Written by Kim Regala, Staff Writer
Have a seat, Steve.
Before we begin, we want you to know that we’re only doing this out of pure concern. Concern for you, but most importantly, concern for the recent changes in your Twitter feed, changes to which we are being subjected. This may be painful for you to hear, but we’re your friends, and it hurts us even more.
Ready to listen? Good.
Steve, what you do behind closed doors is entirely up to you. But as soon as you start broadcasting your . . . political alignments for us to see, it’s a whole other level of selfishness.
Just last Tuesday, you retweeted something from CBC News. Now, I’ve come to master the art of swiping past anything with the word “News” on it.

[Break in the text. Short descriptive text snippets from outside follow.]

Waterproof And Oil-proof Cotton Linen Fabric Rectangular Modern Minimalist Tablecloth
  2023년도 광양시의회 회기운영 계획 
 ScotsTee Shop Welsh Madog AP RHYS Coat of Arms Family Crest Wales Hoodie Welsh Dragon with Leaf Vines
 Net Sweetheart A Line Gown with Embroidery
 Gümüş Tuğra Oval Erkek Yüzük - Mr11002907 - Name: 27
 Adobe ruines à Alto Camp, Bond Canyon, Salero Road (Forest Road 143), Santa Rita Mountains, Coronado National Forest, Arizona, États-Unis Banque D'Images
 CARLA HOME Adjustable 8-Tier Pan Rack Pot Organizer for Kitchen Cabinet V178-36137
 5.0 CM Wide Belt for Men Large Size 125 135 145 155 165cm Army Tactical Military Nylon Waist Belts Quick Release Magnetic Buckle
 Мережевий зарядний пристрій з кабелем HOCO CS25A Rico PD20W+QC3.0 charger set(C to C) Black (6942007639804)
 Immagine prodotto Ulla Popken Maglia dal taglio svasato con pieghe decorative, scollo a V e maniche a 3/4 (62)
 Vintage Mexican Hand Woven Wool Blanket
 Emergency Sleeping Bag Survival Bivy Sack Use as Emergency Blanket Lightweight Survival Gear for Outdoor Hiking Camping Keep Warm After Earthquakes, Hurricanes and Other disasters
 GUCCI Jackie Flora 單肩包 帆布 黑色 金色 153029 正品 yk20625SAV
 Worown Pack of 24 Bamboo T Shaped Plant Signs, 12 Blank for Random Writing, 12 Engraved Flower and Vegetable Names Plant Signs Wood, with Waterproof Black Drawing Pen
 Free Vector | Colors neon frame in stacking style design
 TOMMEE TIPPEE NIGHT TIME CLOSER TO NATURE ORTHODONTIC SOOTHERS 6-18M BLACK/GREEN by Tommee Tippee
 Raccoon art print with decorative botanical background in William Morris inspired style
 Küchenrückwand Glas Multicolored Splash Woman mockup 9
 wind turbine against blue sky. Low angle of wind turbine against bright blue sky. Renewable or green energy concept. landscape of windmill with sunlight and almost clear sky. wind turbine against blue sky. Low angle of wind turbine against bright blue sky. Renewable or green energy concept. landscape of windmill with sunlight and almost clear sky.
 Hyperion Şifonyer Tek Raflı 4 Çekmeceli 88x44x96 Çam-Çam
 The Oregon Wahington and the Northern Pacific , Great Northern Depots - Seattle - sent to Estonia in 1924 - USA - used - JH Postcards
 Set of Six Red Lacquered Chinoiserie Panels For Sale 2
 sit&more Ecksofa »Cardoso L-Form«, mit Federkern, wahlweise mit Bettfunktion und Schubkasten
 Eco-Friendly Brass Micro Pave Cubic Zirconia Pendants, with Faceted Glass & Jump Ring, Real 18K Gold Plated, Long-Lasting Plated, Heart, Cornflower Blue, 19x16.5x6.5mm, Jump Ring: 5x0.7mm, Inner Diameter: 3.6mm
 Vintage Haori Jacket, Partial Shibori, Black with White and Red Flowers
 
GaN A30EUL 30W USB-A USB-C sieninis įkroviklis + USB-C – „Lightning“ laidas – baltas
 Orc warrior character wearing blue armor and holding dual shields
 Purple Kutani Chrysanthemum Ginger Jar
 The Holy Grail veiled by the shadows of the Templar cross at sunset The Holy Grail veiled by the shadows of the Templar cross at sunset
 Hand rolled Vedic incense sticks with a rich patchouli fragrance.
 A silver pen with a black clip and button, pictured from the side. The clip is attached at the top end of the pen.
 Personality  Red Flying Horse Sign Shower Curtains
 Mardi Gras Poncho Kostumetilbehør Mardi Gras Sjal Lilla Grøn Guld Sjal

I’m basically like Cassandra of Troy but for predicting invasive updates on current events. Just this once, though, I slipped up. There I was. Staring at Justin Trudeau delivering some speech.
I had to binge three hours worth of TikToks afterward, just to rebalance my neurochemistry. All thanks to you.
And this isn’t an isolated incident. I didn’t want to say anything, Steve, but I was the first to notice your problem. Just over a month ago, I saw that you followed . . . The New York Times. At first I told myself that maybe this was just some prank. But, as always, we would have been way better off accepting what we were seeing online at total face value with no further speculation or critical thinking.
Because you really were a Twitter warrior now, Steve. And things escalated quickly as you went from Retweets of news outlets to Tweets of your own. It was so difficult for us to witness your downfall into #cdnpoli.
The worst day was when you started making . . . Threads. At that point, we couldn’t even feel sorry for you, just repulsed. Your very first string of “(1/?)”, “(2/?)”, “(3/?)”, onward was not just a countdown to the end of your socially aware tirade. It was the countdown to disaster — but not one of those cute disasters like earthquakes or hurricanes, the kind we blandly acknowledge in conversation while never donating to relief efforts. It was the disaster of losing a best friend to madness and empathy for others.
Steve, we should have reached out and offered you help right away. I know, and I’m sorry that we didn’t. I’m so sorry — for us. Maybe if I had talked to you when I first caught wind of what was going on, your problem wouldn’t be as bad as it is now, and it wouldn’t now be our problem.
But honestly? I, at least, was in denial. I mean, God forbid we have someone in our friend group who actually pays attention to what’s happening in the world.
I thought you of all people would be the last to ever try and destroy our dynamic like this. But I was so wrong. I guess that’s the one downside of being consistently misinformed, you know. Being wrong every so often.
You’re out of hand, Steve. We don’t think you’re a bad person, but we do think you need a lot of help. We love you, and we just want things back to the way they used to be.